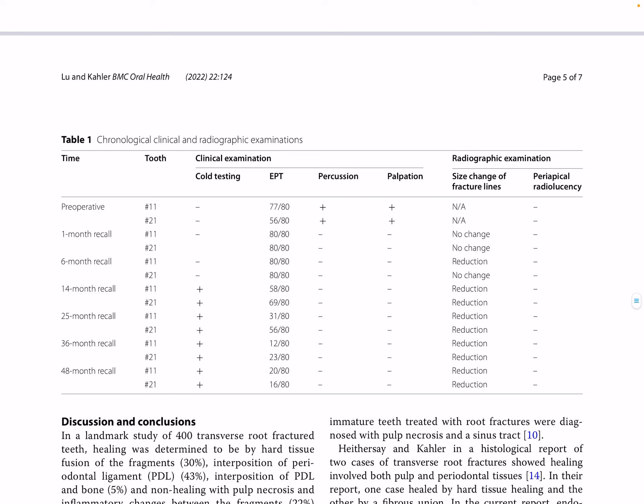Regenerative endodontic procedures have the potential to be used as a treatment for traumatized and symptomatic mature permanent teeth that have sustained transverse root fractures.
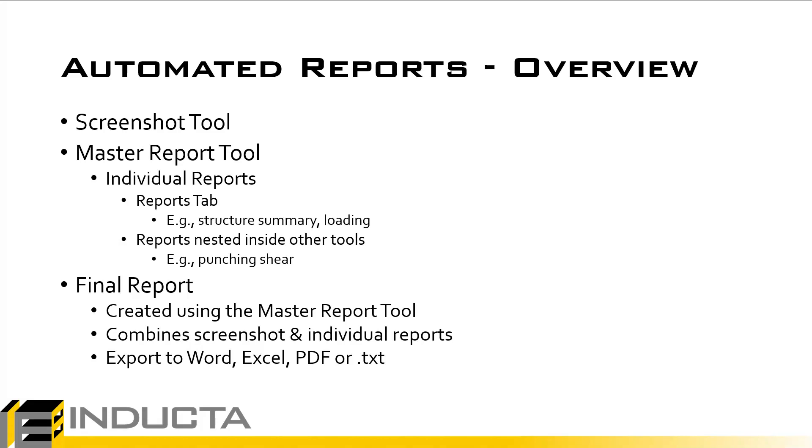Once the structure of the report is created, then we hit publish and the program automatically creates a final report based on the information that was specified and exported to the desired format: Word, Excel, PDF, or text.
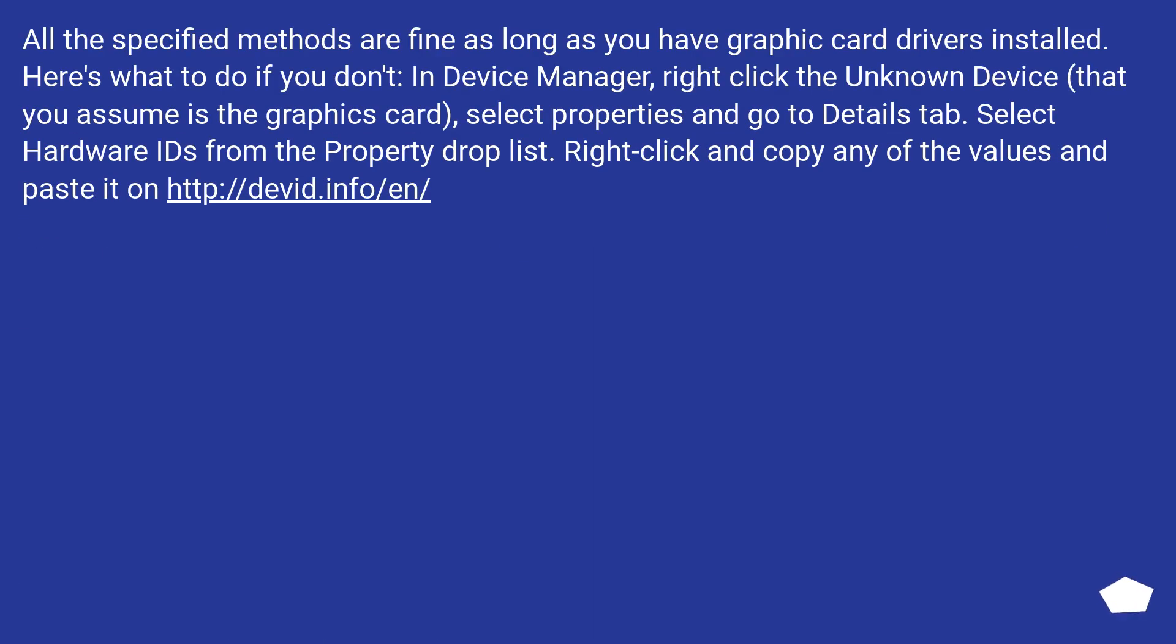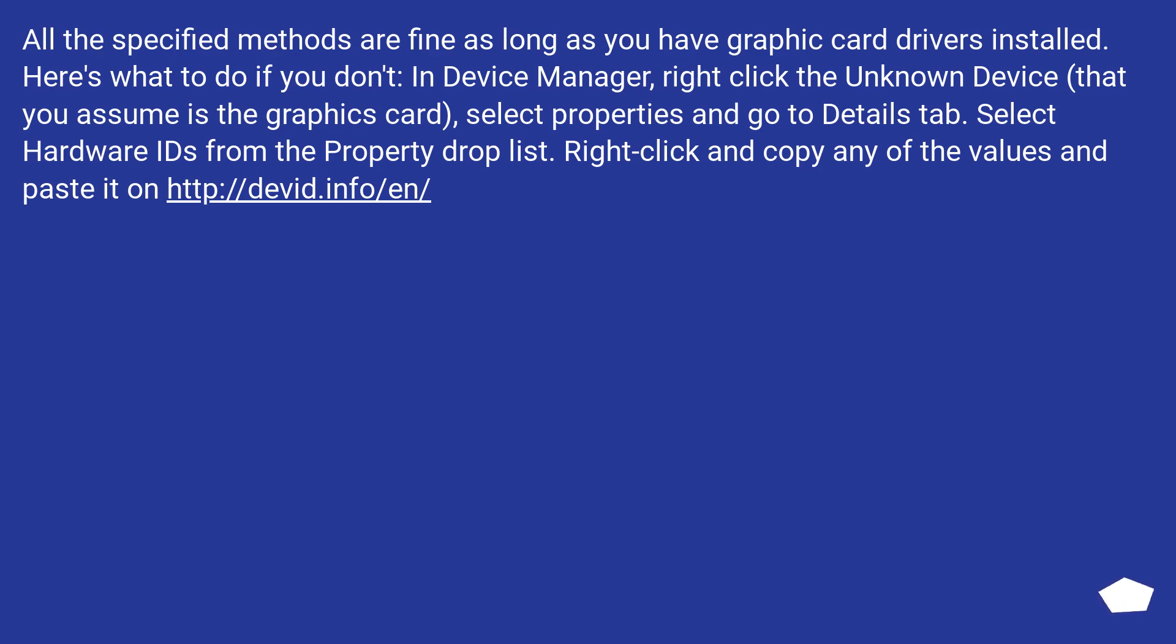All the specified methods are fine as long as you have graphic card drivers installed. Here's what to do if you don't. In Device Manager, right click the unknown device that you assume is the graphics card, select Properties and go to Details tab. Select Hardware IDs from the Property drop list. Right click and copy any of the values and paste it on this URL.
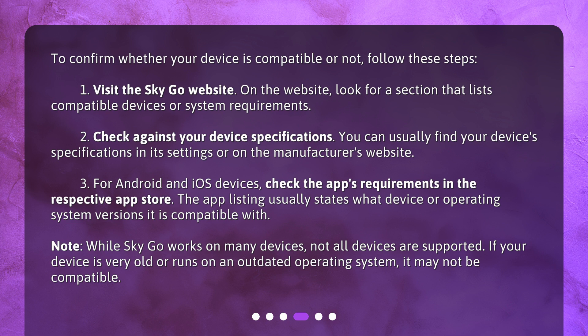Note: while SkyGo works on many devices, not all devices are supported. If your device is very old or runs on an outdated operating system, it may not be compatible.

EXERCISE DETAILS: From the line that holds "All the specified" to the last line of the data, return those lines exactly and nothing else; both ends count, and pictures stay out.

REPLY TO THE TASK:
All the specified methods are fine as long as you have graphic card drivers installed. Here's what to do if you don't. In Device Manager, right click the unknown device that you assume is the graphics card, select Properties and go to Details tab. Select Hardware IDs from the Property drop list. Right click and copy any of the values and paste it on this URL.
Note: while SkyGo works on many devices, not all devices are supported. If your device is very old or runs on an outdated operating system, it may not be compatible.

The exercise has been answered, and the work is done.